"We are the force that's renewing the political landscape," said a jubilant Bernd Lucke, leader of the eurosceptic Alternative for Germany (AfD), which wants Europe's biggest economy to scrap the euro and return to the Deutschmark currency.
"I'm happy about this enormous vote of confidence," said the economics professor, adding that voters are turning away from mainstream parties that he said lack a clear message.
His nascent conservative party, which was only formed early last year, gained 10 per cent in Thuringia state and 12 per cent in Brandenburg, said exit polls by public broadcasters ARD and ZDF.
Analysts had predicted the AfD would draw much of the protest vote in the former East Germany, which still lags western states in wealth, jobs and wages 25 years after the Berlin Wall fell.

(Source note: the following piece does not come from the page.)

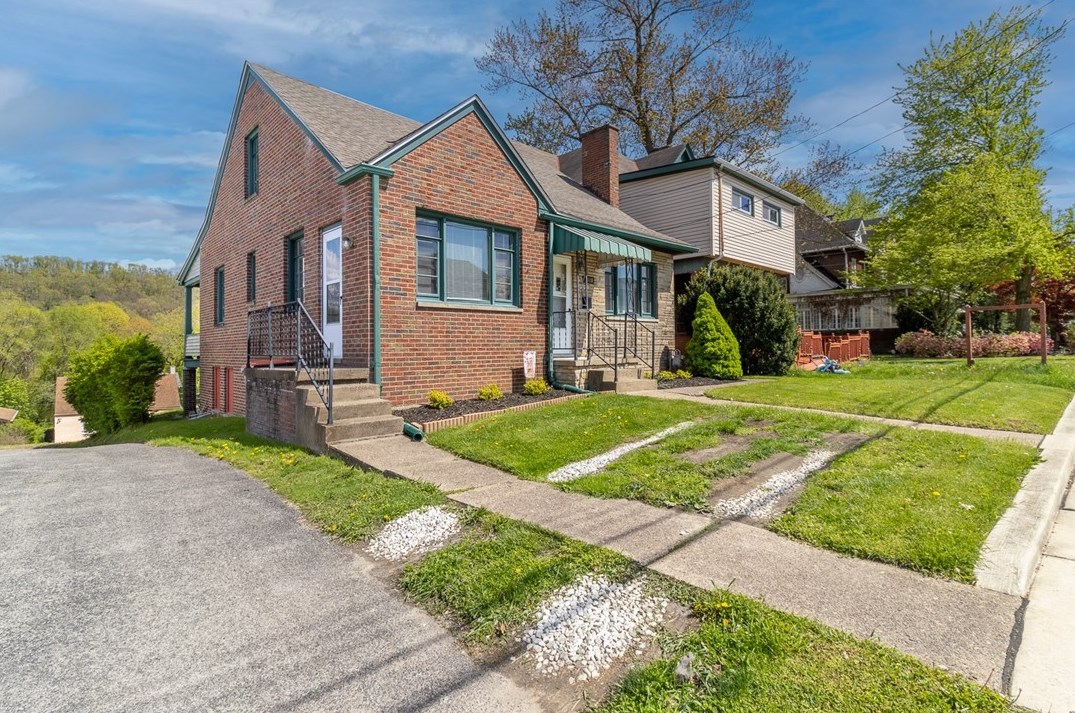 3328 4th Ave, Beaver Falls, PA 15010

The results give a political toehold to the party which only narrowly missed out on entering the national parliament last September and won seven seats in European Parliament elections in May.
Merkel, worried about the AfD's growing ballot box appeal, this week said that "we must address the problems that concern the people", including "crime and rising numbers of asylum seekers".
Analysts say the AfD is seeking to occupy the political ground to the right of Merkel's Christian Democrats (CDU) while keeping its distance from the far-right fringe, like the openly xenophobic National Democratic Party of Germany (NPD).